Attila JózsefUn homme dont la vie fut particulièrement difficile, devant assumer dans sa jeunesse de nombreux emplois pour survivre (son père avait abandonné le foyer alors que le jeune Attila avait 3 ans et nous le trouverons mousse sur un bateau alors qu’il avait à peine 15 ans; il perdit sa mère à 19 ans). Bref, une vie difficile, de plus entachée de déceptions amoureuses, qui se termina tragiquement sous un train en décembre 1937 (suicide ou accident? Nous ne le saurons jamais).

Pas surprenant donc, qu’en ces années particulièrement dures (déprime post-Trianon, arrivée de la crise puis montée du fascisme), notre Attila adhéra aux  idéaux du communisme. Non, pas un sectaire ; il faut plutôt retenir sa définition de „poète prolétaire”.

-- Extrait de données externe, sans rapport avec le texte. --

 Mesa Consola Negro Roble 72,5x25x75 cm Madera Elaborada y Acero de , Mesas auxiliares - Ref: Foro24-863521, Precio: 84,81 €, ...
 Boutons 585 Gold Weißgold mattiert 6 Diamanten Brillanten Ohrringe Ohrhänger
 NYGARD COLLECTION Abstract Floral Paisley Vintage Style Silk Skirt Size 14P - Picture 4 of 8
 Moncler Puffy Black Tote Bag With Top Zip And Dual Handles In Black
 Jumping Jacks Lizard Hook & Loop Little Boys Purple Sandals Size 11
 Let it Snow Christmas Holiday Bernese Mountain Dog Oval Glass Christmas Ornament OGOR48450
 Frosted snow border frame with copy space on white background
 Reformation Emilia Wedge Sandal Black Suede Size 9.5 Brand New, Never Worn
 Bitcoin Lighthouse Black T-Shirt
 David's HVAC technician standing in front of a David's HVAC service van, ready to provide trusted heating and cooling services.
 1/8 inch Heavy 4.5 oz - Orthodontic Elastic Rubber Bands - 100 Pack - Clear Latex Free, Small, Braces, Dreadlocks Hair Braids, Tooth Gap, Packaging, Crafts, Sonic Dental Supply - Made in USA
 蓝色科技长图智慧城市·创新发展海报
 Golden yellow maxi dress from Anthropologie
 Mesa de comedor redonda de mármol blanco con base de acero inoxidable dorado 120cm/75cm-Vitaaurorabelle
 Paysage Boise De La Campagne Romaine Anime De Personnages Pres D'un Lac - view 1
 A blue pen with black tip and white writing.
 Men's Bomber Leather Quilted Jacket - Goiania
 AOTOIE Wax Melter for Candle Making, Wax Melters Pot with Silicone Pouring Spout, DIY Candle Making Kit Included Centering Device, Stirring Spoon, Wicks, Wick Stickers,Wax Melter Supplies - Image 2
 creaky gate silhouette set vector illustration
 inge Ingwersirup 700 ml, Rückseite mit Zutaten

Il n’en faut pas plus aux gouvernants actuels du pays pour le vouer aux gémonies. Son crime? Avoir adhéré au parti communiste, dont il fut d’ailleurs exclu. Au point que, après avoir déboulonné en douce la statue du comte Károlyi (*), voilà que l’on parle d’exiler à son tour la statue du poète jugé indigne de figurer à proximité du Parlement (photo). Si tel est le cas, on jugera plutôt le Parlement (du moins sa majorité outrancièrement arrogante) indigne de siéger à sa proximité.

Il su aussi faire preuve d’une immense tendresse, toujours exprimée avec la plus grande simplicité.

Outre les poèmes où il exprime sa révolte, Attila József su aussi faire preuve d’une immense tendresse, toujours exprimée avec la plus grande simplicité. En témoigne par exemple sa si belle „Berceuse” („Altató”), touchante de simplicité, toute en douceur et sourire. Après lui avoir rendu hommage sur les antennes (Tilos rádió du 11 avril, 13-14h), ses amis se retrouveront place Kossuth, où se tiendra vendredi après-midi (13 avril) un marathon lors duquel seront lus ses poèmes, et ce non-stop jusqu’à samedi matin !

Et pendant ce temps.... une place Louis Aragon était inaugurée à Paris.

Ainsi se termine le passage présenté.